While I don't like Windows much and dual boot it mainly out of necessity, it was pretty easy to whip up a trigger (in the GUI task scheduler) for a script to trigger alarm music even when the computer was sleeping.

The procedure goes something along the lines of "RTC trigger wakes up sleeping computer, computer waits to connect to network, opens spotify url of playlist." It lets me turn off the LED and fan nightmare that is my desktop and still use it as an alarm.

I'm not even sure how to access that in debian, nvm i didn't try to fix the apc issues, yet. I'm sure there's a command already, anyhow.
1. Recurring billing and dunning.

Subscription renewals are a little script that runs daily. If the charge is declined, a mail gets sent and a date for the next reattempt is set in the database for when the script should try again.

A series of charge attempts and mails go out on a schedule asking the customer to update their payment information or get in touch. The mails are all prewritten, and at least 75% of subscriptions are recovered through this automated process.

It saves time, I don't have to handle following up on declined charges myself (which I hate to do manually), and it's worth six figures a year compared to just letting subscriptions lapse because of one declined charge.

2. Off-site backups and code that validates they're complete and restore-able. It's peace of mind. No server runs forever; you will eventually need that backup.

A script to open all the files I need open, on the appropriate workspaces, for each of the projects I'm currently working on. It feels so slow to do that manually, and it's still satisfying watching all those files open themselves on various workspaces.
I use tmuxinator in a similar fashion.

Starts my vim instance, bash prompt, sources virtualenv, server instances, and console/repl.
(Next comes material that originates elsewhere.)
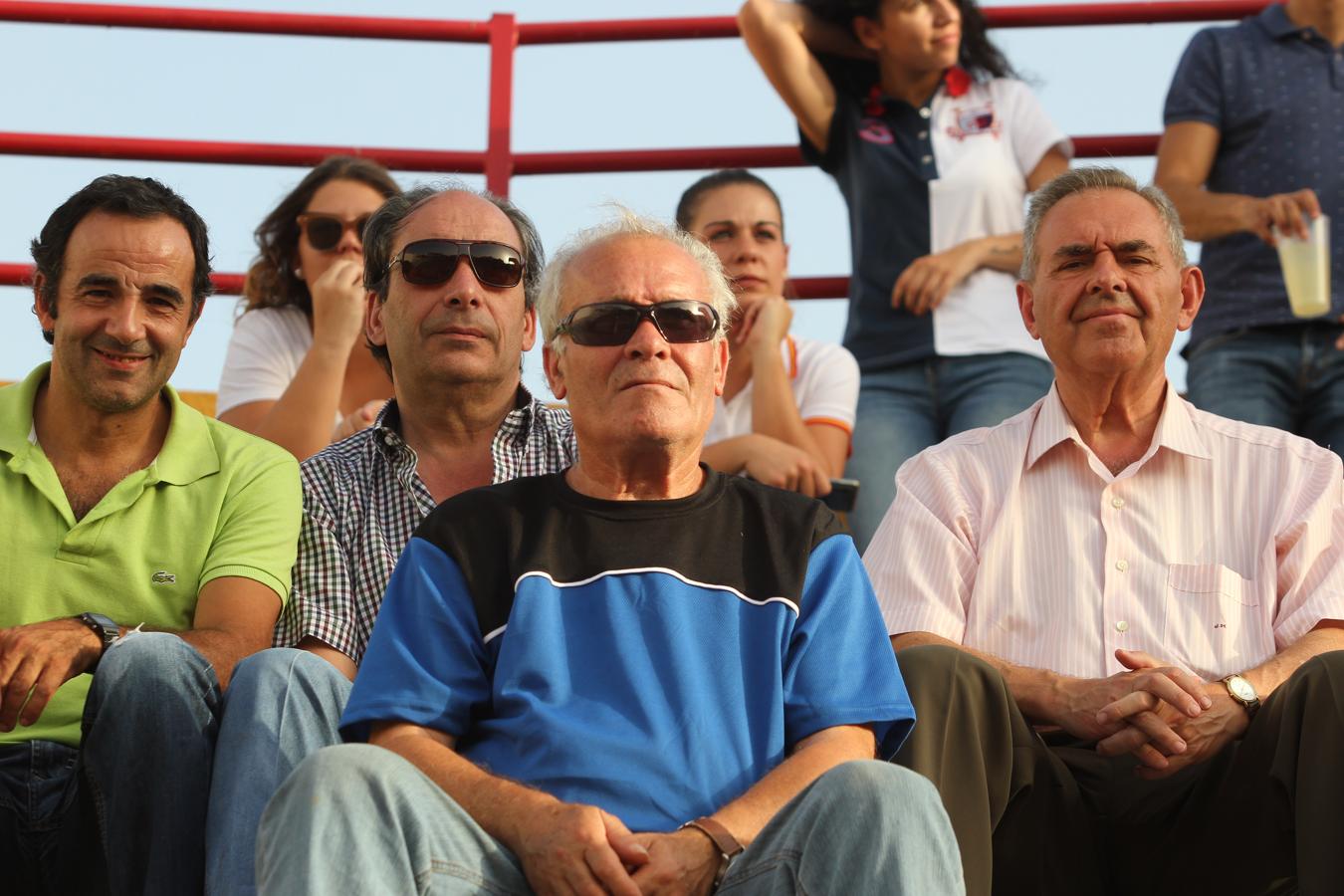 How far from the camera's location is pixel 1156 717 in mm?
3098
I start-up in about 5 seconds.

A Bash script to monitor OpenERP server, restart it if it has been killed by some other process. Note: OpenERP server used to stop working after 15 to 20 hours automatically. Thanks
A Perl script that parses a Progress ABL(1) source file "A" and spit out a new Progress ABL program that would correctly declare all the input and output variables of "A" and invoke it.

(At the time we had to deal with "stored procedures" with tens of input and output parameters, and testing these was a time-consuming and error prone problem, people would save invoking scripts, running them to find what had changed in the parameters list and manually update them).

(1) A 4GL proprietary language. Just think of PL/SQL with the practical parts surgically removed.

Hourly emails when disc is almost full (absolute and relative) and later automatic cleanup of old files on production servers. Saved me trouble countless times.
A visio/VBA script to parse a Tivoli Maestro job configuration file and create a flow chart of the dependencies of each batch job. I was asked to manually document this and would have spent months documenting the hundreds of jobs. Also, the jobs changed on a frequent basis.